Haunting collection of loosely connected tales. Connected mostly by their macabre and decadent themes. The psychological horrors her characters inhabit creep up on you...

Boo!....Like that.

Scare you? No? Don't worry, Fleur Jaeggy will. And if she doesn't scare you, she'll certainly disturb you. And she'll do it in only 95 pages, comprising seven stories. Every story lingers, long after you've finished, like regrets.


In the title story, a husband thinks his wife is ill, as their golden anniversary approaches. He's disappointed too when she turns out not to be ill at all...well, not physically ill, as he thought. His wife doesn't much care for him wishing any kind of ill upon her, and does something discreet, though drastic, in triumphant retaliation.

An overly generous man, in "The Free House" has opened his large house to the mentally ill. He and his wife sleep in separate beds. The man's wife spies on these mentally ill while her husband sleeps. She spies on a promiscuous nineteen year-old girl in particular. Exciting! Though she'll soon wish she hadn't spied. What business do the so-called "sane" have spying on the so-called "insane" anyway?

In "The Twins," orphaned, identical twins, grow up loving only one another for the rest of their lives. I'll leave it at that.

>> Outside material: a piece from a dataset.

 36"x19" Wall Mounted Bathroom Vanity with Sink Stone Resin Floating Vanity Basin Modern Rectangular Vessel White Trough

A woman promised her father she'd find a good man to marry, in "The Promise". After he dies, in honor of his memory, she gives it a good go, and sleeps with three men in her village. Dissatisfied with all three, she's nevertheless quelled her conscience. She kept her promise to her father. She did her best to find a good man to marry. Not finding any, now she can live happily, as she is, and as her father never knew her to be, with the woman she's loved all along.

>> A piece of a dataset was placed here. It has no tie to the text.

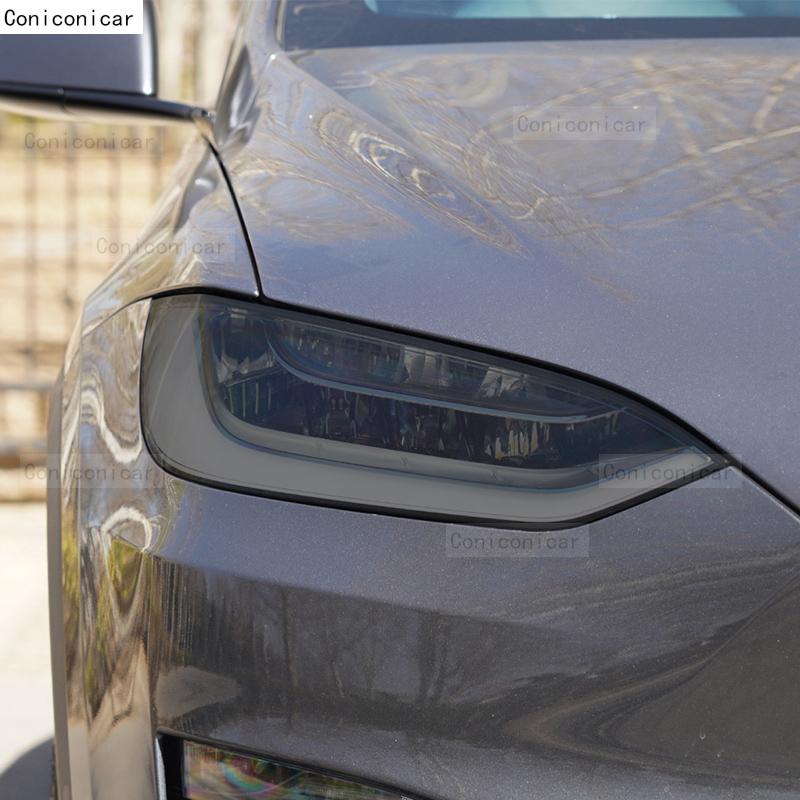 For TESLA Model X 2017-2024 Car Headlight Smoked Black TPU Protective Film Front Light Tint Change Color Sticker Accessories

Fleur Jaeggy is a stylist's stylist. Her prose is concise. Absent are parentheticals and semi-colons. Digressions don't exist. Not to say her language isn't euphonious. Because it is. She makes her prose sound more like poetry than prose.

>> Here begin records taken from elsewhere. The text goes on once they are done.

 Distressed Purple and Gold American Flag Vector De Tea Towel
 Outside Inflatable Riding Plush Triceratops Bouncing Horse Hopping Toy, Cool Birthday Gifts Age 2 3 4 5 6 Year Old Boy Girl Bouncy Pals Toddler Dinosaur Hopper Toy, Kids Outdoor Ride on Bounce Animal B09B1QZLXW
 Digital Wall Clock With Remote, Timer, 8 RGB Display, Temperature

Jaeggy's minimalism is more minimal than Hemingway's, Carver's, and Didion's. She's heard the right words and placed them on the page in the precise order she heard them. Stripped down. Bare naked writing. Wordiness be banished, her wonderful writing declares. The irony of her minimalist style is that she packs abundant, maximal substance into each short piece. I can't wait to be eminently disturbed by her diminuitive work again.